Data Structure Tools
- Arrays: Static, require specific size definition.
- Pointers: Used in linked structures.
Static Sequence Interface
- Operations: Build, Length, Iteration, Get, Set.
- Build: Create data structure from items in a specified order.
- Length: Returns the count of items.
- Iteration: Outputs items in order.
- Get/Set: Access or modify items at specific indices.
Static Arrays
- Constant Time Access: Due to consecutive memory allocation.
- Memory Allocation: Cost is linear in the size of the array.
- Word RAM Model: Memory is an array of W-bit words, log N word size suffices for addressing.
Dynamic Sequences
- Key Operations: Insert and Delete.
- Insert At: Add elements at specific indices, shifting others.
- Delete At: Remove elements from specific indices.
- Special Operations: Insert first/last, get/set first/last.
Linked Lists
- Structure: Nodes with item and next pointer.
- Efficiency:
- Insert/Delete First: Constant time.
- Get/Set At: Linear time due to traversal.
Enhancing Linked Lists
- Double Linked Lists: Adds efficiency for "get last" operations.
- Augmentation: Storing additional pointers like tail for optimized operations.
Dynamic Arrays
- Concept: Relax the static size constraint, allowing for growth/shrinkage.

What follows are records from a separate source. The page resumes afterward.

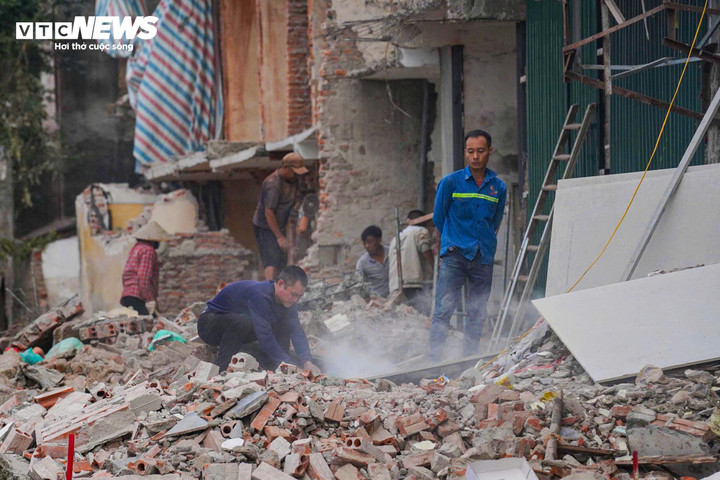 Thi công xuyên Tết, cắt gọt nhà mặt phố Đê La Thành để mở rộng đường Vành đai 1 - Ảnh 3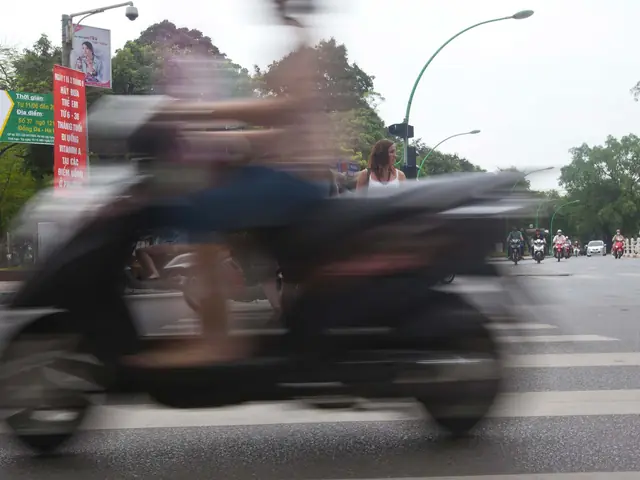 Hanoi Day Tour: Motorbike Discovery (half day)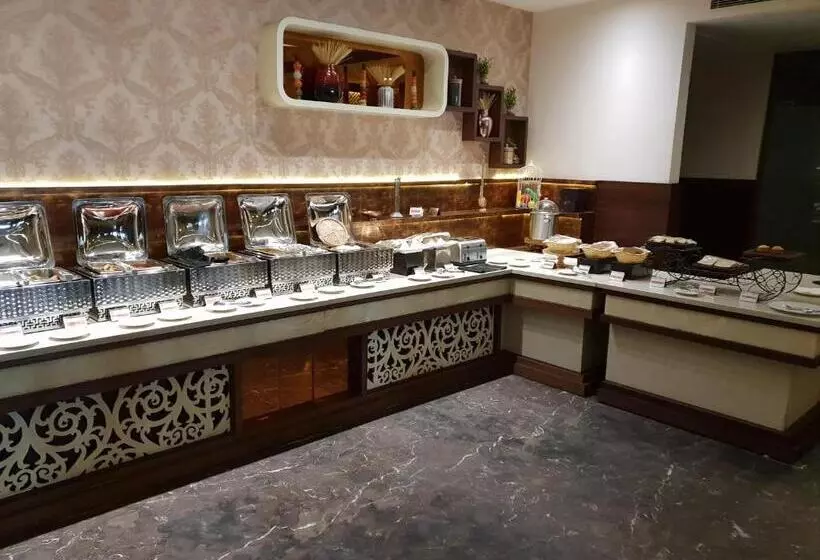 Hotel Imperia Suites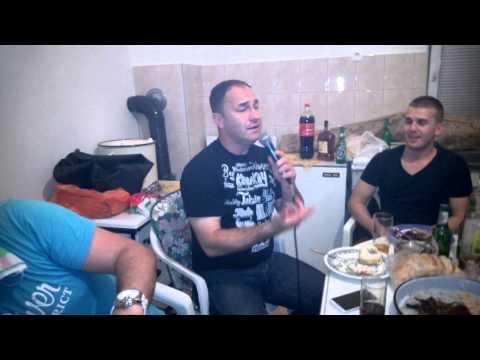 Edo Husarić-Pozn'o bih te medj' hiljadu zena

- Implementation: Similar to Python lists.
- Dynamic Size: Maintain array of size
Theta(N), where N is the number of elements.
Operations
- Insert Last: Constant amortized time, double array size when full.
- Efficiency Explanation:
- Exponential Growth: Resize at powers of 2.

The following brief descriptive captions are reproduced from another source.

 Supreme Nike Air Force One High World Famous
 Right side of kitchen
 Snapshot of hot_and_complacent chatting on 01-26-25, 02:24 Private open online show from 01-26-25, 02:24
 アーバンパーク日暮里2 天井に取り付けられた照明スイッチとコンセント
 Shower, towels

- Geometric Series Sum: Total resize cost remains linear.
- Amortized Analysis: Average cost per operation is constant despite occasional linear cost operations.

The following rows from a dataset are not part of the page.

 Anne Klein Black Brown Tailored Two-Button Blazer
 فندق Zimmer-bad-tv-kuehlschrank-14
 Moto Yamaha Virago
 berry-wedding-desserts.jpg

Summary Table of Operations
| Operation | Static Array | Linked List | Dynamic Array |
|---|
| Get/Set At | Constant | Linear | Constant |
| Insert/Delete First | Linear | Constant | Linear |
| Insert/Delete Last | Linear | Linear | Constant Amortized |
| Insert/Delete At | Linear | Linear | Linear |
Conclusion
Dynamic arrays offer a balanced solution leveraging both static arrays' speed in access and linked lists' dynamism.